The coffee cup is hot in my hands. I sit under the Christmas tree in my empty house and loop my fingers through the warm handle, mesmerized by the twinkling lights reflected in the inky blackness of my cup.
The frenzy is over. All the Christmas presents have been opened and put away. Our guests have come and gone. Up in the loft, the air mattress exhales softly next to a pile of quilts waiting to be washed. The fridge is choked with leftovers and Christmas cookies grow stale on the counter. Five limp stockings hang by the fireplace.
Out in the world, under the rush of highways and the urgency of clocks that never cease, stores are hauling out next year’s calendars and Valentine’s candy.
The message rings loud and clear: Christmas is over. The curtain has closed on the show we’ve been building up to all year long, and there is nothing more to look forward to but the cold emptiness of January.
We’ve barely cracked Jesus out of the Styrofoam and plunked him in the manger on Christmas morning when it is time to pack him up again.
There’s something very backwards about that, I think, and I feel the need to linger here a little longer under the twinkling lights on the carefully-crafted stage, believing with all my heart that Christmas is not the end but the beginning.

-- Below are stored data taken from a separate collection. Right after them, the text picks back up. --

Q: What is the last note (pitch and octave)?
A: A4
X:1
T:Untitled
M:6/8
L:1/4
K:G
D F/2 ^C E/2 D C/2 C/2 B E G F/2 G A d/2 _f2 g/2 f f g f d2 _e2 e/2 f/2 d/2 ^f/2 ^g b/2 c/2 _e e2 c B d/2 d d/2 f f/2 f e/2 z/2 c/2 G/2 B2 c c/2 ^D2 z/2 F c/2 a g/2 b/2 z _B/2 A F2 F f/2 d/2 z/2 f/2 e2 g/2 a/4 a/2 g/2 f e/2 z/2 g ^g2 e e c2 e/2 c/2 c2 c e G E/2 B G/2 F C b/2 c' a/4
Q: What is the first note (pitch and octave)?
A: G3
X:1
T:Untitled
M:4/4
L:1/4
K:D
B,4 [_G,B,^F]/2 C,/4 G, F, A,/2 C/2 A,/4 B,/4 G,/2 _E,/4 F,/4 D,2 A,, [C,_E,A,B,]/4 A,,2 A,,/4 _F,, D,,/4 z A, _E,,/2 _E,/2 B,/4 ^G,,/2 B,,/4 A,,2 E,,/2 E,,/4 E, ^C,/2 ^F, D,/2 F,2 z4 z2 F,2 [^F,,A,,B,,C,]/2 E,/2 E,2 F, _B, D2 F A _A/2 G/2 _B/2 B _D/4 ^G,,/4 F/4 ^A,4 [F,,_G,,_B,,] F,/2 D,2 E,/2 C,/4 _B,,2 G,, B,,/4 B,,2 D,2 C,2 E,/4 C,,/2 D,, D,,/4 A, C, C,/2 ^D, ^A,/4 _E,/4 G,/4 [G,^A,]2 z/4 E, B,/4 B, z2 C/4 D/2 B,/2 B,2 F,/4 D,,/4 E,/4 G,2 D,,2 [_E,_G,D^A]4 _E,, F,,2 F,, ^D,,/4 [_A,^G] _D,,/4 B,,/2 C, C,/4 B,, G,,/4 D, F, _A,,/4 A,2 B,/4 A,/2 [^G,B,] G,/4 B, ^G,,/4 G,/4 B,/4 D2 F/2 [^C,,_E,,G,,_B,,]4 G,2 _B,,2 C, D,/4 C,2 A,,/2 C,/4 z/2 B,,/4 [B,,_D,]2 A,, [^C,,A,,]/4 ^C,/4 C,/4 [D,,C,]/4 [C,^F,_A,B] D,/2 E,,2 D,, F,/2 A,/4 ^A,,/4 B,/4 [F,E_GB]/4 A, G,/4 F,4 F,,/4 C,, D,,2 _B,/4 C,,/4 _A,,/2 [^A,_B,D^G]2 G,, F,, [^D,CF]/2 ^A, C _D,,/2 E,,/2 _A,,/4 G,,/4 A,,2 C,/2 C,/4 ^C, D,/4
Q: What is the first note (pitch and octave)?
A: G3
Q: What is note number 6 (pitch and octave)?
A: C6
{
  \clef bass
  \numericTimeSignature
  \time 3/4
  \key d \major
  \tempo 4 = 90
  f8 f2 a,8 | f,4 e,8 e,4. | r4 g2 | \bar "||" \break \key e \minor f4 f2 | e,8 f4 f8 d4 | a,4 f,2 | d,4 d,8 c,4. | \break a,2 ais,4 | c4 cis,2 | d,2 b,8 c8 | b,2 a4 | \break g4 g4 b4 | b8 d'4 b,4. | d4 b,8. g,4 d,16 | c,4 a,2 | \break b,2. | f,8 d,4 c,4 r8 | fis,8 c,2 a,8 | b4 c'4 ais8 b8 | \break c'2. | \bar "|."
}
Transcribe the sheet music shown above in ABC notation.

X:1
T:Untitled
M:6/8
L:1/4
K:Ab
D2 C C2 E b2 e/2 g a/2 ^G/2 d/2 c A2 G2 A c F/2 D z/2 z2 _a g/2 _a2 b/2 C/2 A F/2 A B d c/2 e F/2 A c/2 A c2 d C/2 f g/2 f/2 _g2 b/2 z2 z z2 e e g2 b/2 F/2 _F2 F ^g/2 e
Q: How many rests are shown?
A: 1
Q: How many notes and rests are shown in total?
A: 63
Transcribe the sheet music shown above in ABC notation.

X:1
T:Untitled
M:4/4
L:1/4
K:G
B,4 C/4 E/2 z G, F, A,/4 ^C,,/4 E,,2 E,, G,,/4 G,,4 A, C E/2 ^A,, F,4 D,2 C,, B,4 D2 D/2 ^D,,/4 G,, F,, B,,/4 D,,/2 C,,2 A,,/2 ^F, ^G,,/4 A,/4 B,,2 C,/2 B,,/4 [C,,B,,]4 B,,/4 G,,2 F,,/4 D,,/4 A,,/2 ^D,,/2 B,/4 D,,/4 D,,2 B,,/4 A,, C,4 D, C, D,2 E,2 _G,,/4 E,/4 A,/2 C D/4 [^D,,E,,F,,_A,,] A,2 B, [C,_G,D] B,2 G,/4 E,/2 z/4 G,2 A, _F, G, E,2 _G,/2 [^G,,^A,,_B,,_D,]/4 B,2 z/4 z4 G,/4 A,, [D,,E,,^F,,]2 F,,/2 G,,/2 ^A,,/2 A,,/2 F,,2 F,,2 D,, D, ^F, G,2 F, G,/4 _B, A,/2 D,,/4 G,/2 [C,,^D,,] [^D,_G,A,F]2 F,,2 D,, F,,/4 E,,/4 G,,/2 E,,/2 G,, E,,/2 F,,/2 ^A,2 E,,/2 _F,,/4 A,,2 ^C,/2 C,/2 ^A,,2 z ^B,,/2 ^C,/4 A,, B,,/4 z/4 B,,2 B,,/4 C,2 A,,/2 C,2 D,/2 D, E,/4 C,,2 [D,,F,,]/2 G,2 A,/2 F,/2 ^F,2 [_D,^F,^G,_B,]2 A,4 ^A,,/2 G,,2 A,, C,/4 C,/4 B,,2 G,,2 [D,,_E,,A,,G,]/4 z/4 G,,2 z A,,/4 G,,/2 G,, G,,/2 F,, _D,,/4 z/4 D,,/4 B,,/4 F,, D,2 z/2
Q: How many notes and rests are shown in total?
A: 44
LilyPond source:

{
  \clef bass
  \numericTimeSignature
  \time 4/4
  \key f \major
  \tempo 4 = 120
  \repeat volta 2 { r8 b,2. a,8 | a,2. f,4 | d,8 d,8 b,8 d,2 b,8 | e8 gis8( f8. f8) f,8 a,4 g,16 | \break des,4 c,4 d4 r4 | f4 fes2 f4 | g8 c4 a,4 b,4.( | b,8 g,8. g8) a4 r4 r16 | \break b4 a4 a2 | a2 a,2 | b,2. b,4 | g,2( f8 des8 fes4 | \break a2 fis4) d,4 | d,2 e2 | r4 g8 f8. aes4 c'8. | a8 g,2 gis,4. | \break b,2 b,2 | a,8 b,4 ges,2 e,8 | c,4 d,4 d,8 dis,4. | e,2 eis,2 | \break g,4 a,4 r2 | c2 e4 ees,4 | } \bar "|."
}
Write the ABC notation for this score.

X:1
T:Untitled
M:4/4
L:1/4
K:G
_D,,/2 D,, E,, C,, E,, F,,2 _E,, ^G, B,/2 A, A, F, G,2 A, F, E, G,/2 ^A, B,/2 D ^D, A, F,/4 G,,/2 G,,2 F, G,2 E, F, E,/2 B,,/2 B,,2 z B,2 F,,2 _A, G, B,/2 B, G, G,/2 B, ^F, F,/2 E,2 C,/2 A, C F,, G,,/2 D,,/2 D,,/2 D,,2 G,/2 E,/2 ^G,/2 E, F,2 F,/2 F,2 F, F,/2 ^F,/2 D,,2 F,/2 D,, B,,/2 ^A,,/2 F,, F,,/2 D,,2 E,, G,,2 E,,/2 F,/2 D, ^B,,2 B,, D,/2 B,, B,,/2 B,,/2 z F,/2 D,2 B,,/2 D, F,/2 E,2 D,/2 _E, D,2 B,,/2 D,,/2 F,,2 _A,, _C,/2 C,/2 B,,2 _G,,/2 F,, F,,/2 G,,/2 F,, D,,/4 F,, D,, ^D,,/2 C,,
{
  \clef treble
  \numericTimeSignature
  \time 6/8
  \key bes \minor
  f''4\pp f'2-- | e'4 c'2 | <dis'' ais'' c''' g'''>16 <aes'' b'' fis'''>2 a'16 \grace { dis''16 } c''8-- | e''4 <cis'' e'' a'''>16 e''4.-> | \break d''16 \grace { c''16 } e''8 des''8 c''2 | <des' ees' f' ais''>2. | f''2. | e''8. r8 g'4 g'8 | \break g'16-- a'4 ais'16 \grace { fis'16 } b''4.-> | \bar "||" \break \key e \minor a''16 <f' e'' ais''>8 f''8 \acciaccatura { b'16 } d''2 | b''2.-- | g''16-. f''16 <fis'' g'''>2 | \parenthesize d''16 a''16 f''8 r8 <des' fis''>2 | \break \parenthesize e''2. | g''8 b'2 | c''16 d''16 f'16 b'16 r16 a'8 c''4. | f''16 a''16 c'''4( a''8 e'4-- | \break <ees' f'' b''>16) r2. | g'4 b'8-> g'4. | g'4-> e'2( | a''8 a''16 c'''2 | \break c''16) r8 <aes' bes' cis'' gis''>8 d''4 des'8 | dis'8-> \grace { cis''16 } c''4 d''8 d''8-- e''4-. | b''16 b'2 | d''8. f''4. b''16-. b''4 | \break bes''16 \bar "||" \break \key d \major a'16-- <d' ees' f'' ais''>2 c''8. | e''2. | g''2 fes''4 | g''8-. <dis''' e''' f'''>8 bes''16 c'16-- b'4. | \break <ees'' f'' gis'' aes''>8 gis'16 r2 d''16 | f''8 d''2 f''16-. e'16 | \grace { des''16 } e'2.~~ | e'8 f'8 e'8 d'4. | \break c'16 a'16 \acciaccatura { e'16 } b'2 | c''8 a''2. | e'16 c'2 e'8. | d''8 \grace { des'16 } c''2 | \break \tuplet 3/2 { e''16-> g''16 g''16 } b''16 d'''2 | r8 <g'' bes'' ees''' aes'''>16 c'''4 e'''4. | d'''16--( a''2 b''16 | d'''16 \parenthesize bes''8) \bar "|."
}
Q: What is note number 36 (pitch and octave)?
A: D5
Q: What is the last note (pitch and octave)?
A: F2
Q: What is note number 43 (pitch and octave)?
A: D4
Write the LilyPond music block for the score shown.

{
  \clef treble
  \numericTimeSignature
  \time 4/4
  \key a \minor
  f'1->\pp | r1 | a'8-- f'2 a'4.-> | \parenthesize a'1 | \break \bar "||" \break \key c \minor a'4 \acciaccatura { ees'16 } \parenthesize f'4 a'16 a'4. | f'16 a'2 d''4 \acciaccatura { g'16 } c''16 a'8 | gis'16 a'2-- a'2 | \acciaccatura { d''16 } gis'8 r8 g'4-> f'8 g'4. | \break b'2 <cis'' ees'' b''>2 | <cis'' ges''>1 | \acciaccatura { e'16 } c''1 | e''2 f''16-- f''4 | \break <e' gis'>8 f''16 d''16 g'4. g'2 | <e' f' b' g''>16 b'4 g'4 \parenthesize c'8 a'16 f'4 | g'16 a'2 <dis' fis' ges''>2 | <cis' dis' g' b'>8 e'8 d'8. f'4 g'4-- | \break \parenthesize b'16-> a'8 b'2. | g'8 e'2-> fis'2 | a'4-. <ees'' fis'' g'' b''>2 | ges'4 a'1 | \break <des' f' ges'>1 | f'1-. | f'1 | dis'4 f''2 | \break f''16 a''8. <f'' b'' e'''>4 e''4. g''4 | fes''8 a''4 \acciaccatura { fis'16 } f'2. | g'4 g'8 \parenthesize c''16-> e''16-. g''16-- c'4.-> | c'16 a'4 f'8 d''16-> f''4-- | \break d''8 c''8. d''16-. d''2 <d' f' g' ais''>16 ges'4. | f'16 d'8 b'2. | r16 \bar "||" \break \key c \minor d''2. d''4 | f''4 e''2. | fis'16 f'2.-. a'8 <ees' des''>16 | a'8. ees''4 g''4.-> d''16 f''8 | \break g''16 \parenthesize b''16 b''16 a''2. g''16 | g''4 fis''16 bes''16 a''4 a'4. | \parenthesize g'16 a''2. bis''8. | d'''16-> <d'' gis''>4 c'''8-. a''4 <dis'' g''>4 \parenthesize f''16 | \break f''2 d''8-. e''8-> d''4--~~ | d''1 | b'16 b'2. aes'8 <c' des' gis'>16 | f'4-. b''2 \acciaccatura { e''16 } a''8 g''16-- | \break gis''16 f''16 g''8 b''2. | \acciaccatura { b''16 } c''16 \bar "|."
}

All the awful expectation, the groaning under never-ending Advent days, the weariness of waiting for a cure that will not come—is over. He has come.
Finally, I am free. I am free from the empty striving of the holiday season and the vain attempts to produce peace and joy by my doings. Here, in the days after Christmas, I find my rest.
I sit in the midst of beautiful adornment and I think that now, now, all the glory is appropriate because now my rescuer has come. Now, the Son has dawned.
Now we can begin to celebrate, now when most everyone is packing away the ornaments and hauling the tree to the curb.
But oh, I do not want to pack it in now. I want to throw open the curtain, cut the ribbon, and begin here. I want to sit under the lights and let the incarnation in.
Wonder at the brightest beginning we could ever hope for, the beginning that trumps all other beginnings, the page-turner that leads into a beautiful New Year’s and lovely Valentine’s and the glorious climax of Easter.
This is where the story starts. Christmas day is over, but Christmas—Christ with us!—has just begun.